私は呆れて目を回しそうになるのをこらえた。
「わかったわ。あなたは魅力的かもしれない。でも、魅力っていうのは人によって重要度が違うものよ。あなたにとってはかなり重要なんでしょうね。だから私はあなたを表面的な人間だと分類するわ」
彼の笑みが深まった。
「私が言いたいのは、あなたは私にとって魅力的かもしれないけれど、これまでにもたくさんの最低な男たちに惹かれたことはあるけど、そういう連中とは一切の接触を避けてきたってことよ」
「君はありふれたことも科学者みたいに話すな。それがまた君をセクシーにしてるぜ」
「もしこれが全部、私をベッドに誘い込もうっていう計画の一部なら、諦めて。絶対にありえないから」
「まあ、見てな」
「本当に最低な男ね!」
その最低男は笑みを崩さなかった。
「セックスに何か問題でもあんのか?」
「いいえ。あなたには関係ないことだけど」
「君みたいな人なら、セックスが単に大人同士の楽しい経験であり得るってことを理解してるもんだと思ったがな」
「理解してるわ」
「そうは見えないがな」
「はっきり言わせてもらうわ。カジュアルセックス自体が問題ってわけじゃないの。問題なのは、あなたよ」
「俺が?」彼は憤慨したように眉をひそめた。
「ええ。翌日になったら、私のことなんて存在しなかったかのように振る舞うような、そんな最低な男と寝る気はないわ」
「じゃあ、彼氏が欲しいってことか?」
「勝手なこと言わないで。私の私生活はここでは問題じゃないわ。ただ、私たちの間では絶対に何も起こらない理由を説明してるだけよ」
「君は理性的じゃないな。ただのセックスだろ。何を見逃してるか知ってたら、ノーとは言わないはずだぜ」
ああ、もう! なんて傲慢な男なの!
「自分の能力を過大評価してるって思ったことないの? これに耐えるには、ビールより強いものが必要だわ」私はイライラしてうめいた。
彼の口の片端が意地の悪そうに歪んだ。
「何を考えてるの?」
「もっと強いものって言ったろ……」
「そこまでにして。本当に変態ね」
「ウイスキー……が、まあ無難な答えだろうな。君がお堅い子を演じたいならね」
「お堅い子? あなたを断る女性のことをそう呼ぶわけ?」
「このゲームは始まったばかりだ……そしてすぐに、君の方から俺に触ってくれって懇願するようになるさ」
「夢の中でね」
「俺の夢の中じゃ、君は懇願するだけじゃ済まないぜ」
くそっ! 彼の言葉に動揺しまいと必死だったのに。考えるべきじゃないことだったのに。ちくしょう。ただのアルコールのせいよ、エリー。
「言葉を失ったか、科学者さん?」
「適切な言葉を探してたの。そして、それは……あなたは自分の夢で満足するしかないわね」
「心配するな……そうなった時は、君が激しいのが好きだってこと、覚えておくから」彼はウィンクしてからリビングルームに戻っていった。

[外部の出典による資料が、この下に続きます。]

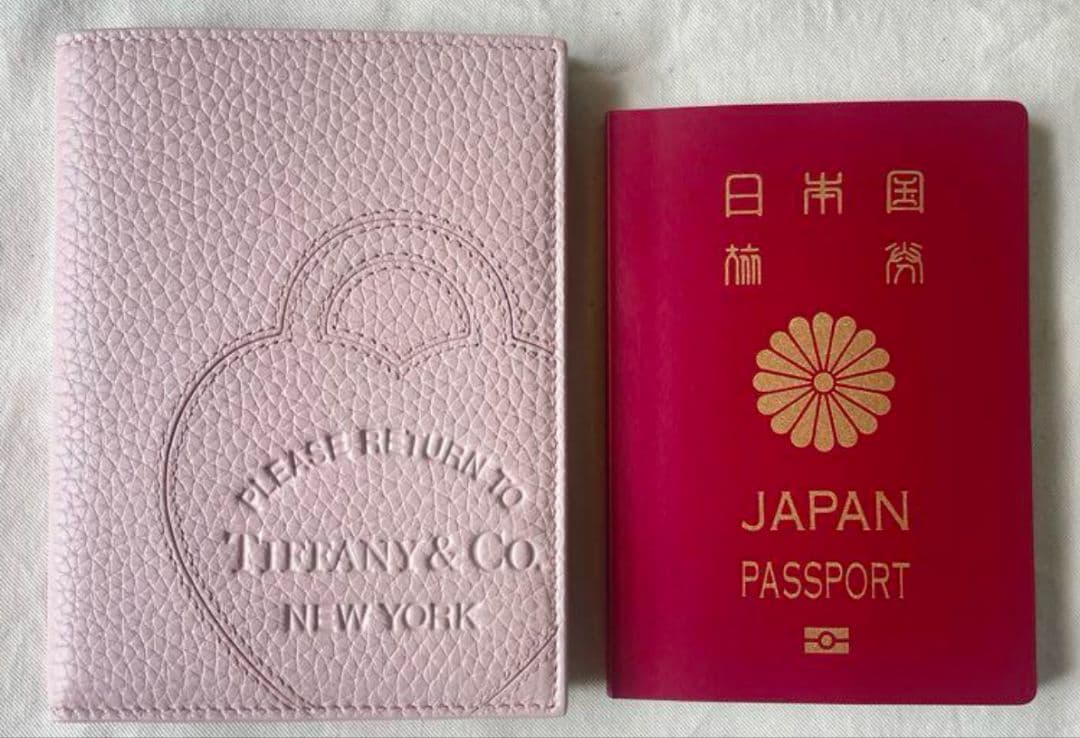 【新品未使用】TIFFANY &Co .　パスポートケース ピンク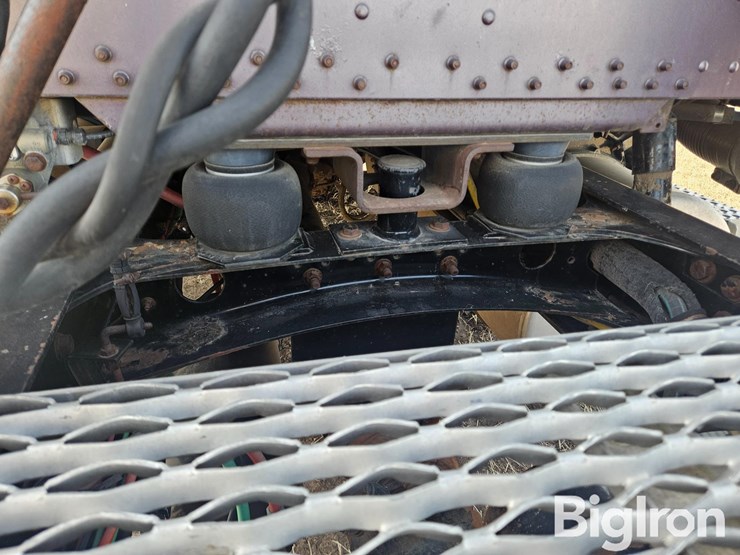 1994-freightliner-fld112-image-11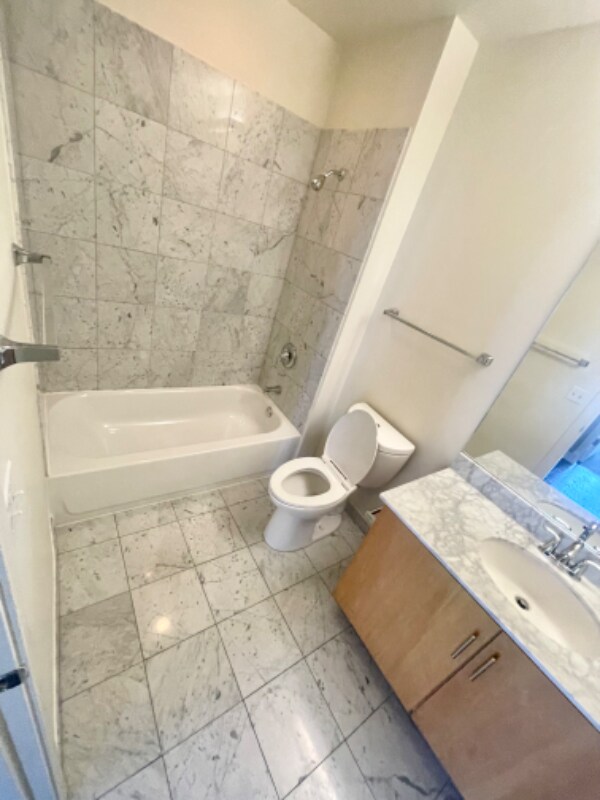 Photo - 142 E Cermak Rd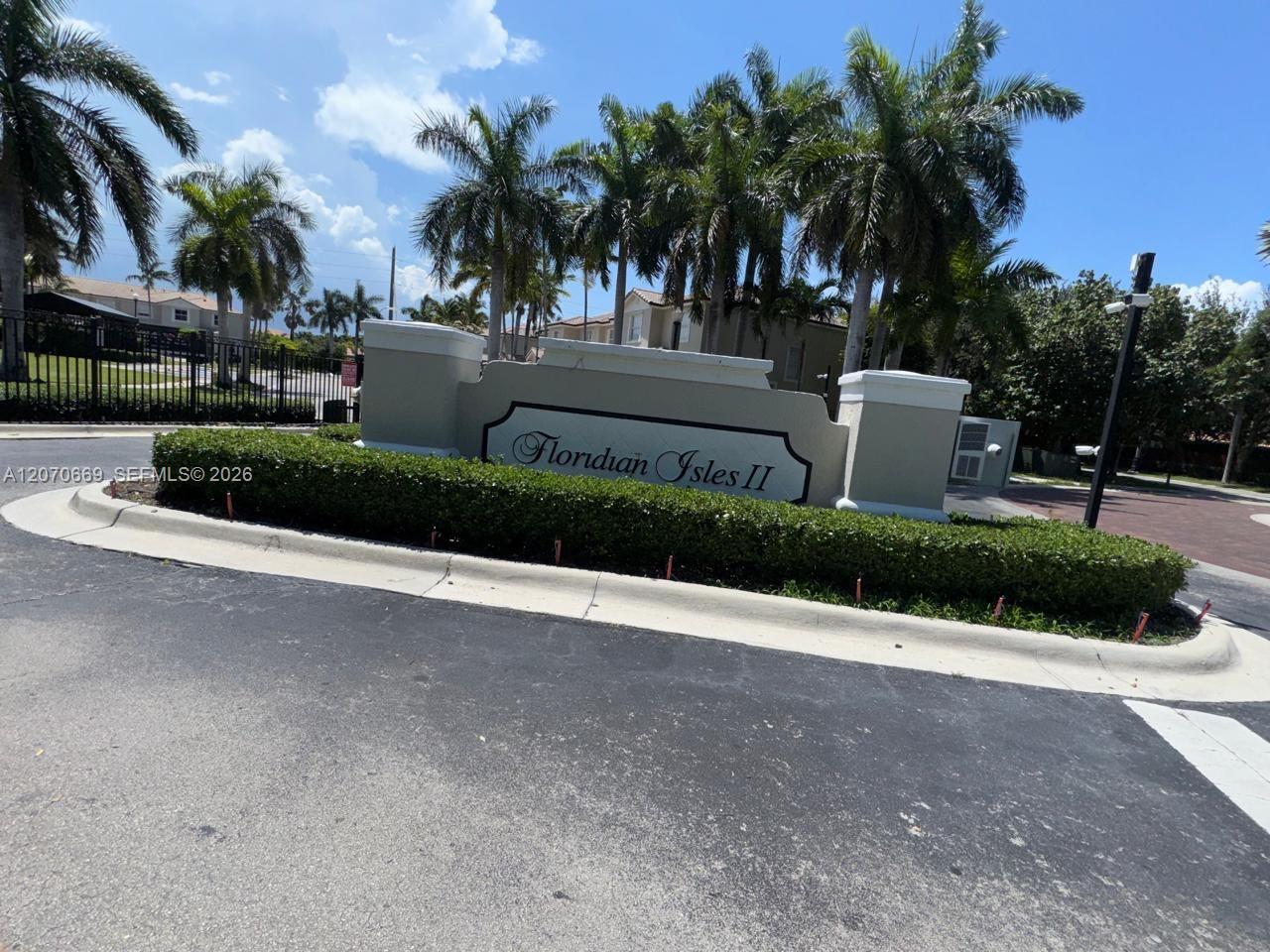 1013 NE 42nd Ave # 1013, Homestead FL 33033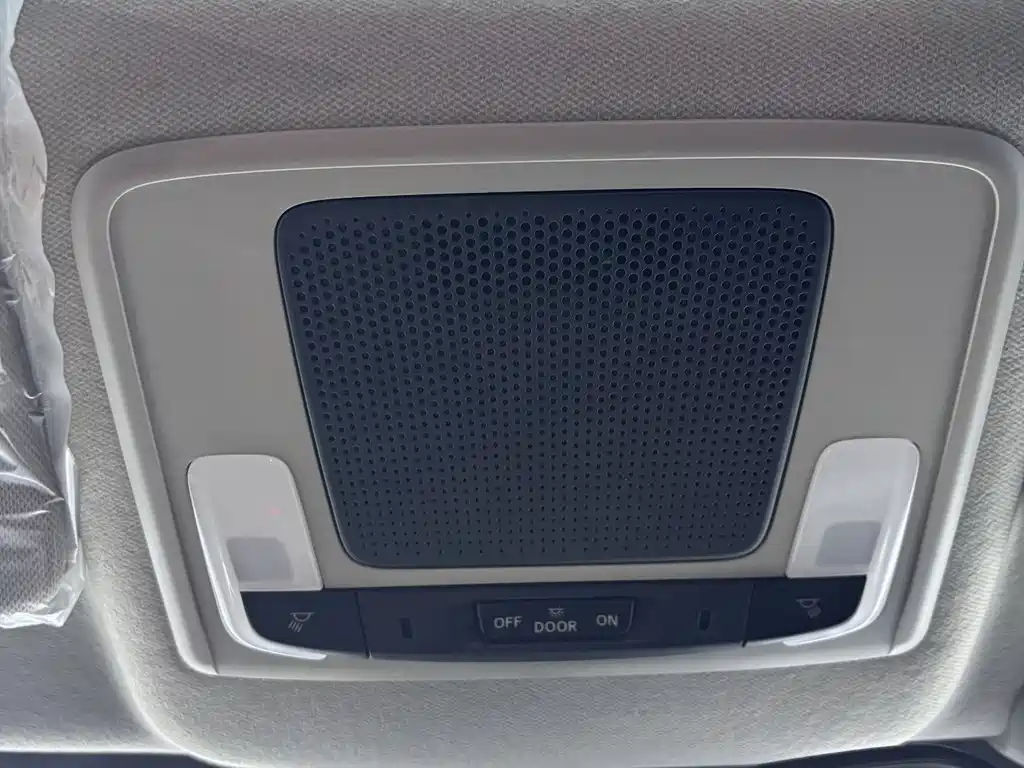 Honda Vezel 2023 1.5L CVT Tech Edition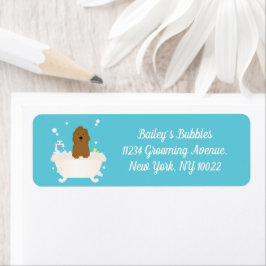 Niedliches Goldendoodle-Blase-Bad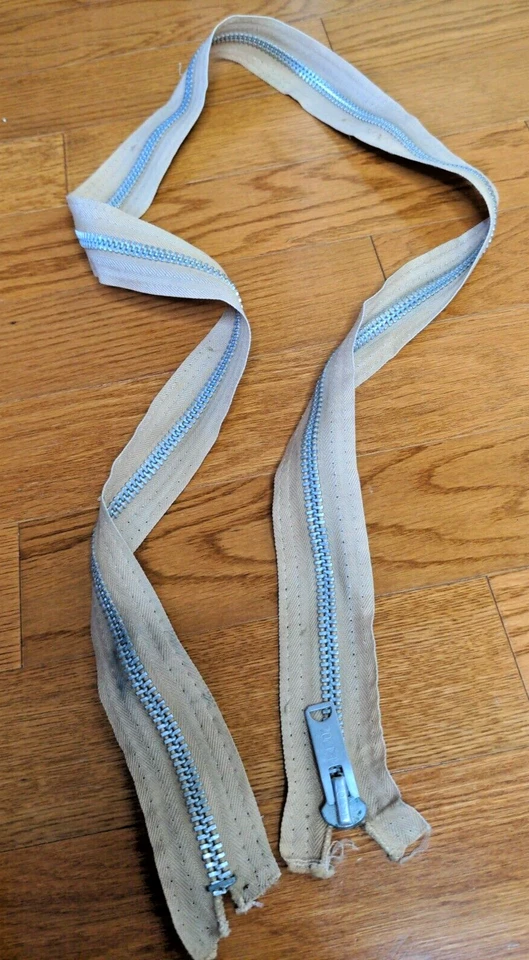 Винтажная сверхпрочная металлическая бежевая большая неразделяющаяся молния TALON 52 дюйма x 1-3/4 дюйма - Изображение 3 из 4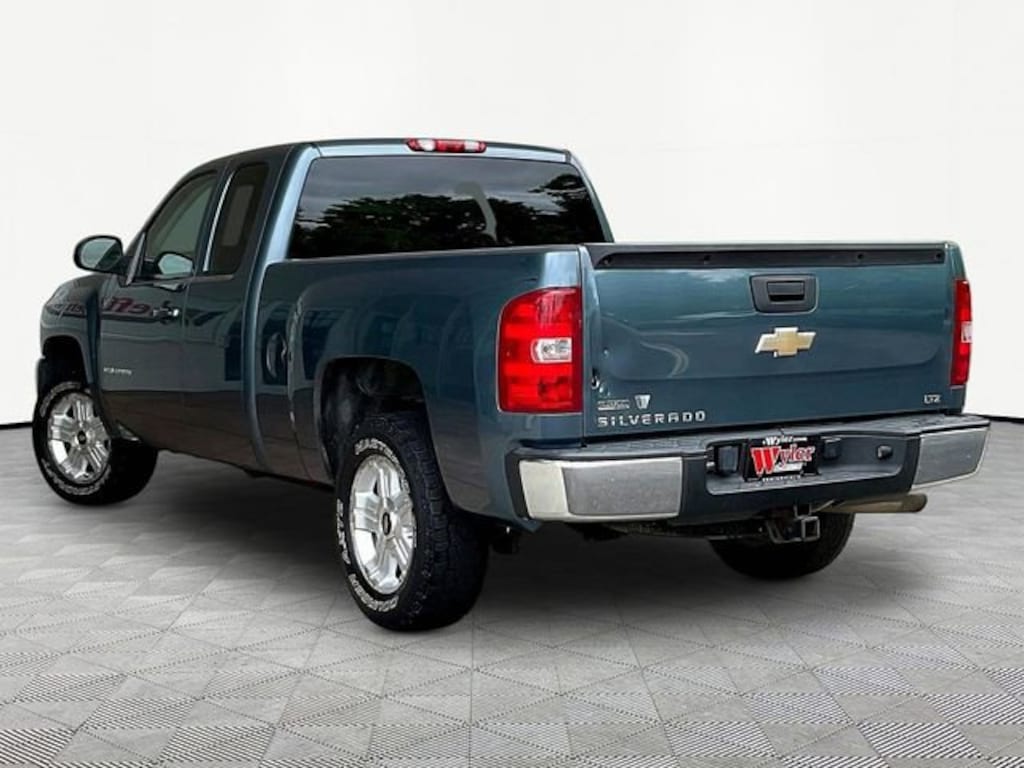 Used 2011 Chevrolet Silverado 1500 Truck Extended Cab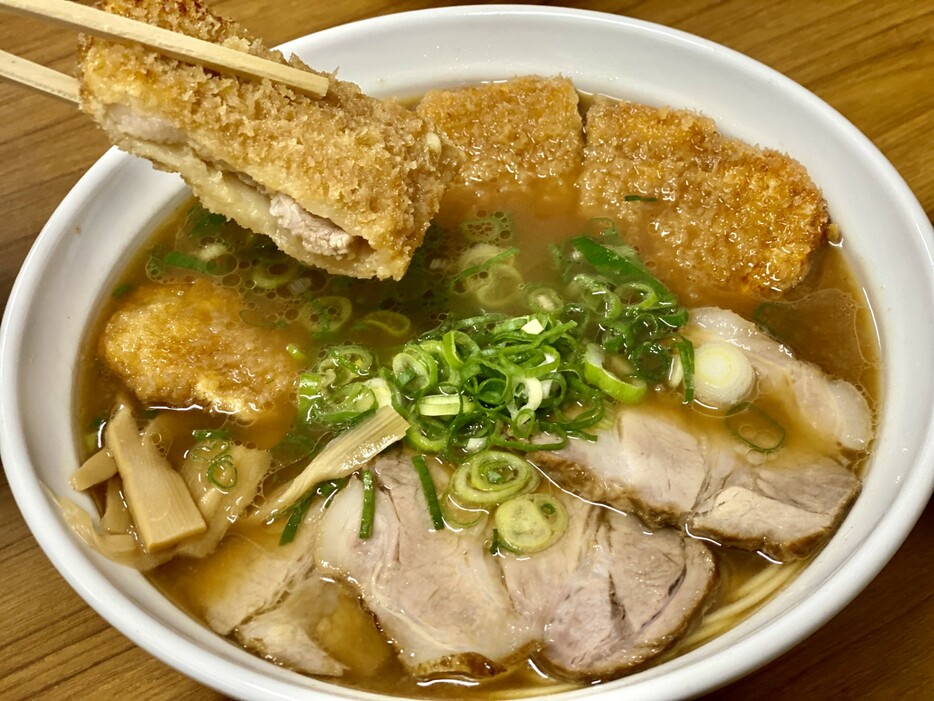 岡山では定番の「かつラーメン」＝「浅月」本店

ああ、もう! 頭に浮かんだイメージを追い払おうとしながら、私は深呼吸した。
彼の目的は何? 私を苦しめること? うまくいってるみたいね。それに、一体どうして私の体は彼の挑発にいちいち反応してしまうの?
今は、彼が私の夢を見ると言ったことについても考えていた。本当かしら?
どうでもいいわ、エリー。彼が存在することなんて忘れなさい。あなたの人生にあんな男は必要ない。最低な男はもううんざりするほど経験したでしょ。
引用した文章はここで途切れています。